Será el momento en el que comprobaremos la personalidad calculadora de Irene, que será capaz de utilizar su belleza y sensualidad, para alternar una relación adúltera con su cuñado Mario, lograr que el viejo patriarca la teste como su única heredera, e incluso navegar por las aguas de esa nueva política, imbuida de burocracia, que se ha enseñoreado de Roma. Así pues, Bolognini acertará al mostrar ese cuadro social, en el que sin que se den cuenta los protagonistas del relato, se encuentran en un periodo de cambio en la sociedad en que viven. Y lo hará dentro de una compleja articulación de caracteres. Para la cual su realizador contará con dos importantes aliados. De un lado, una creíble ambientación, sobre todo en esas secuencias de interiores, que revisten una notable sensación de verdad -pienso sobre todo, en las secuencias describas en la vivienda desvencijada de Ferramonti, que de manera inesperada verá mejorado su aspecto, coincidiendo con el cada vez más optimista estado de ánimo de este, según su acercamiento con Irene se haga cada vez más ostensible. O también en los recorridos por viejas callejas de Roma-. El otro elemento que Bolognini controlará con mano firme, será sin duda una sutil dirección de actores, que sabrá jugar con la imagen cinematográfica de Quinn, y que incluso permitirá que Fabio Testi aparezca creíble en la pantalla. Pero es evidente, que el gran logro de L’EREDITÀ FERRAMONTI, lo proporciona la presencia casi constante de una Dominque Sanda en estado de gracia, en un trabajo por el que obtuvo el premio a la mejor interpretación femenina del Festival de Cannes. La personalidad de una gata de angora, que no se detiene ante nada, a la hora de lograr esa riqueza que ha anhelado desde siempre, y para la cual dio vida un astuto plan de integración entre los Ferramonti, para lo cual casarse con Pippo era el primer peldaño, conformará un retrato en el que la avaricia, la sensualidad y la ambivalencia, nos permitirá secuencias tan tórridas, como aquellas que vivirá con Mario, dominadas por el sexo y el materialismo.
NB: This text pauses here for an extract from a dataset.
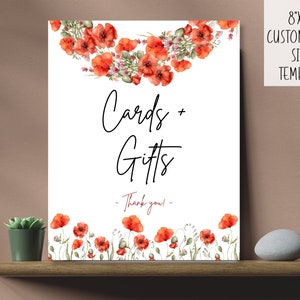 Rote Mohnkarten und Geschenke Zeichen | Sofortiger Download Druckvorlage bearbeiten | Braut Baby Shower Geburtstag | Natur Aquarell Blumen Boho Frühling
Bolognini acertará al describir esa nueva fauna política de Roma, se recreará en estampas como las que describen los distintos modos de celebración del carnaval romano, o plasmará con pasión el descenso a los infiernos de Pippo, al confirmar las sospechas de que su esposa le engaña y, sobre todo, lo ha utilizado para adquirir ella esa fortuna, en la que pondrá la máxima astucia de su parte, pero en la que no contará con el ascenso de esos nuevos servilismos políticos. Un nuevo marco de sociedad, dominado por las corruptelas, en donde Paolo, aquel gris funcionario, habrá logrado fraguarse un futuro como burócrata, logrando que la justicia del momento, despoje a Irene de la fortuna heredada. En definitiva, el film de Bolognini asume, con todas sus debilidades, también con apreciable grado de interés, la crónica de una transformación social, descrita en decorados contrapuestos; de la vieja Roma al marco de esa nueva política, en donde las pasiones se transformarán en luchas, dominadas por la corrupción y la hipocresía. No es este mal balance, de una película que logra emerger de las servidumbres visuales de su tiempo, con una menguada capacidad de pervivencia.